The g.d. internet was down last night, otherwise I would have posted this:

Snowfall, first snowfall. I went outside - it is quiet, it is peaceful. I hope it brings some peace. After today...

Snowfall portends winter portends death and I will go to bed not knowing where he's sleeping tonight - in his car, likely. It'll be okay, for a while - it's just getting down to 30 tonight, he'll be okay.

Peace - and I'd already decided to clean, and then... found... mouse poop. In my living room, on my chair, in the cushions. I rearranged everything last weekend and there was no sign of a mouse, but now... now I have two mouse traps, peanut buttered, cocked and ready to go.

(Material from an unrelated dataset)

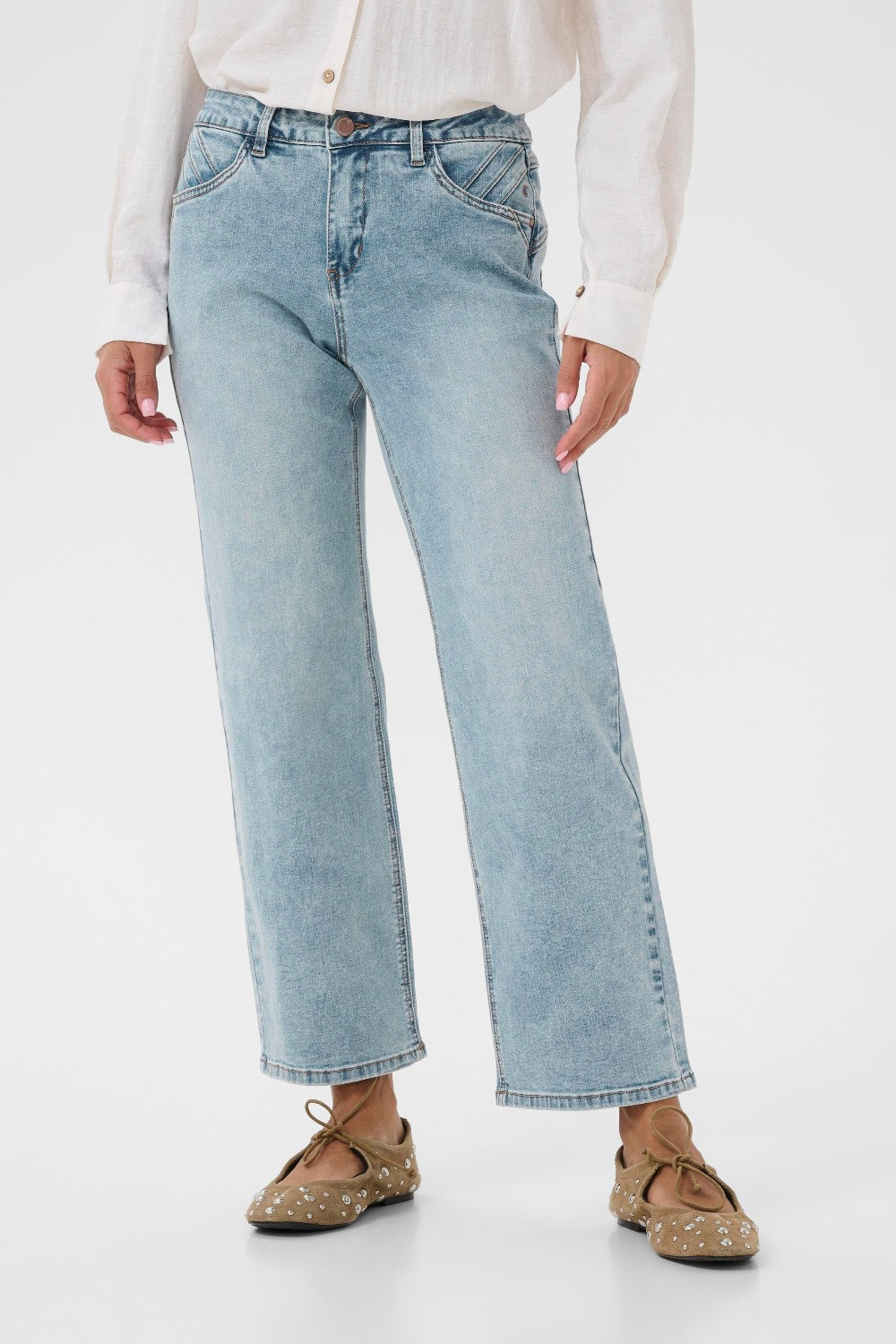 Light blue jeans worn by a person on a white background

Running, once again, comes to save my soul. There were two races this weekend that I was going to do but I can't face the world, can't make it through this, can't make it through this. But then a friend asks about the race tomorrow, so I pull myself together and say yes, I'll do it. So I get some Gatorade, try to rehydrate after losing at least half a gallon of tears today. Have dinner (the soup he made, sets off another bout of sobbing), get things ready for tomorrow - a run in the snow. It makes my ankle hurt, imagining it, but I got my spikes out.

Thinking of winter makes my ankle hurt and my imagination thinks I can work until the end of December and then drive down south with him, take him back home to his family. My imagination pretends things will be okay, pretends that my last sight of him won't be him walking away from my house this morning. It won't be, but my imagination pretends there will never be a last time for anything, and there will be, for everything.

I've charged and then entirely drained the battery in my phone today. Last night he called unexpectedly but tonight I know he won't. I won't turn off my ringer, though, still. The internet seems down, and I'm anxious about something, something.

Youth: adult vices, they are not what they may seem to you.

---------------------

No he did not call. Woke up to an inch and a half of snow. Stayed in bed imagining things that will never be. Did not cry. Got to the race late, but everyone was running late. Told my friend about this - and she's dealing with a similar situation, and even worse, and it's not an uncommon thing so I feel better, hopeful that maybe he will be able to pull himself out of it.

Came home, one of the mouse traps had gone off.

I usually do laundry on Sundays but I think I'll save it for tomorrow night - give me something to do tomorrow night when I get home, so I don't have to just sit here and miss having him around.